You can’t glibly assert that people can just lie, so it’s not a big deal - and then pretend it’ll do the thing it’s for. Which again, is a bad idea anyway, which this approach would not achieve, if it even worked. It’s fractally stupid. It is dangerous bullshit, at every scale.
Okay, but why? You keep repeating that its dangerous, limits freedoms, and causes privacy issues, but so far, the only argument I’ve seen is that it can help kids identity themselves, but given that its handled locally and is unreliable, I don’t see this being usable on any meaningful scale. Setting up a, “free candy” website or app is going to be way less effective and way more dangerous than just creating a Roblox account. Is there something I’m missing?
mindbleach@sh.itjust.works 20 hours ago
Companies shouldn’t even be allowed to demand more than a username and password, on any machine I could pick up and throw. Making anything beyond that a legal requirement is intolerable, in itself. My age is not this object’s business. It sure isn’t this website’s business.
Stop excusing these intrusions against adult life, for the sake of children who will bypass them anyway. You know they will. You use the flimsiness of this alleged protection as an excuse for enabling it. There is literally no benefit if it doesn’t fucking work. Even pretending the immediate goal is something you should want - this won’t do that.
PlzGivHugs@sh.itjust.works 20 hours ago
I do know they will. The whole reason I’m even okay idea is because it is completely optional for the user. I don’t see how it’ll impact adult life. That is why I’m so confused at the backlash. Its asking for an option to increase user control and user choice over their experience. Hell, from my understanding, this would provide a means for users to make it actually illegal to collect any user data, but I need to re-read the CCPA to confirm this. It seems that the benifits of user choice provided by this option far outweight the loss of having one more fingerprinting metric - nonetheless one that is illegal to share.
mindbleach@sh.itjust.works 18 hours ago
If I had to take a photo of my genitals to sign into my own computer, promises against storage or sharing are not addressing my complaints about privacy. Asking my age is a lot less personal - but it’s still information about me, which this object does not need.

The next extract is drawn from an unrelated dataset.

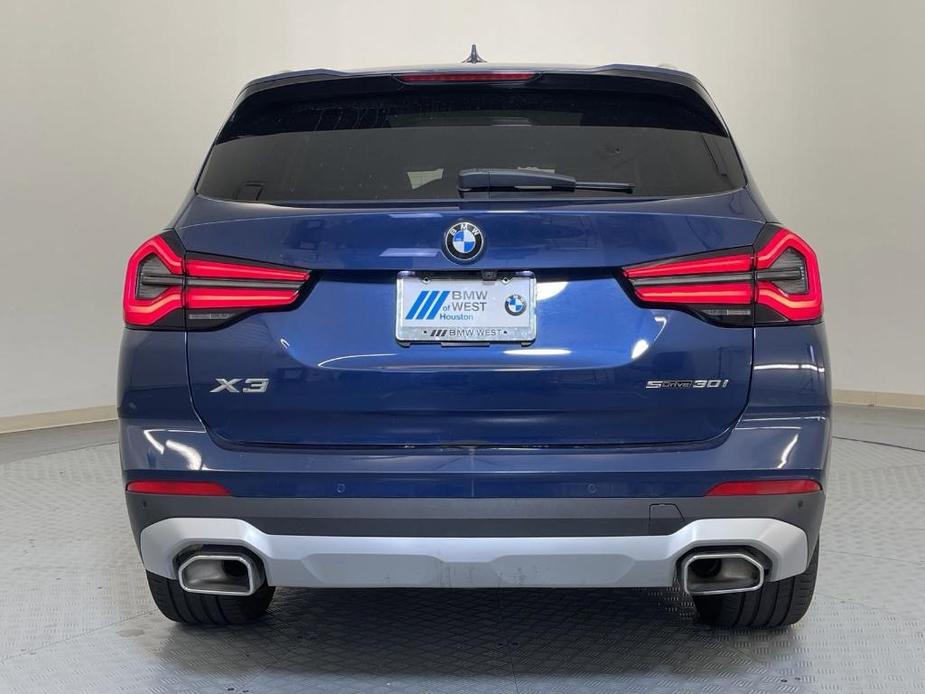 used 2023 BMW X3 car, priced at $35,996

‘I’m only okay with this idea because I know it won’t work’ is, just, why are we even talking? What is the function of an argument when you’re not listening to yourself?
PlzGivHugs@sh.itjust.works 16 hours ago
If you’re that concerned, leave the field at its default value, or (since its your PC and there will absolutely be a way to) set it to a null value. Or set it based on the amount of legal protections you want on your data, because that also appears to work.
Saying it can be bypassed doesn’t mean it doesn’t work. Like most safety and security measures, the point is to disincentivise and prevent errs of convenience - esspecially since children particularly lack impulse control. In the same way, having a railing or fence on a cliff won’t prevent people from passing, but will make them think twice. It doesn’t mean having that railing/fence is pointless.